> [EXERCISE]
Copy out, word for word, the lines from the start of the data below through the line containing "Instructions for Felony", and no others.

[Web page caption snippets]
:::::

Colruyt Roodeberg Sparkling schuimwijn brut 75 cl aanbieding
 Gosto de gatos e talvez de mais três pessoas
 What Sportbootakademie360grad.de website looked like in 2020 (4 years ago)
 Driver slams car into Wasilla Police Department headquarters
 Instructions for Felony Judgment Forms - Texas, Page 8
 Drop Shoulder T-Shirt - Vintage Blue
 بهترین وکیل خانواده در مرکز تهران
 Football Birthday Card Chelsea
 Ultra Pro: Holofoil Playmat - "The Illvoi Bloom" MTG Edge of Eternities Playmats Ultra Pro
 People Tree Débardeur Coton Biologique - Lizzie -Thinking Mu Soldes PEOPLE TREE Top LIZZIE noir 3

:::::

> [EXERCISE RESPONSE]
Colruyt Roodeberg Sparkling schuimwijn brut 75 cl aanbieding
 Gosto de gatos e talvez de mais três pessoas
 What Sportbootakademie360grad.de website looked like in 2020 (4 years ago)
 Driver slams car into Wasilla Police Department headquarters
 Instructions for Felony Judgment Forms - Texas, Page 8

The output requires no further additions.